Peter M. Chen Recognized for Influential Work in Operating Systems with ACM SIGOPS Hall of Fame Award

The paper was published at the 2002 Symposium on Operating Systems Design and Implementation.

Peter Chen Enlarge
Prof. Peter Chen

Prof. Peter M. Chen has been recognized with the ACM SIGOPS Hall of Fame Award for his paper entitled, “ReVirt: Enabling Intrusion Analysis through Virtual-Machine Logging and Replay,” which demonstrated that the execution of an arbitrary program inside a virtual machine can be replayed deterministically and efficiently. Prof. Chen authored the paper with his former CSE graduate students George Dunlap, Samuel King, Sukru Cinar, and Murtaza A. Basrai.

The SIGOPS Hall of Fame Award recognizes the most influential Operating Systems papers that were published at least ten years in the past.

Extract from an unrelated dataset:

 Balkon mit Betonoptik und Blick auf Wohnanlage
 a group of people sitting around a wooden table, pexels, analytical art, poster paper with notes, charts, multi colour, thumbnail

The paper, which was published at the 2002 Symposium on Operating Systems Design and Implementation (OSDI), describes their system called ReVirt. ReVirt removes the dependency on the target operating system by moving it into a virtual machine and logging below the virtual machine. This allows ReVirt to replay the system’s execution before, during, and after an intruder compromises the system, even if the intruder replaces the target operating system. It is also able to provide detailed observations about what occurred on the system. ReVirt was originally intended primarily for intrusion analysis, but record-and-replay has been used for debugging, fault-tolerance, to audit program executions, and other virtual machine services. The researchers’ work has influenced commercial products and inspired a research area that continues to this day.

Prof. Chen received his PhD in computer science from University of California, Berkeley, in 1992 and joined the faculty at the University of Michigan in 1993.  He received an NSF CAREER Award in 1996 and has been recognized for his contributions to operating systems research with the ACM-SIGOPS Mark Weiser Award. Prof. Chen is an Arthur F. Thurnau Professor and has received numerous recognitions for his accomplishments as an educator. He is affiliated with the department’s Software Systems Lab and Computer Engineering Lab. He is a Fellow of the ACM and IEEE.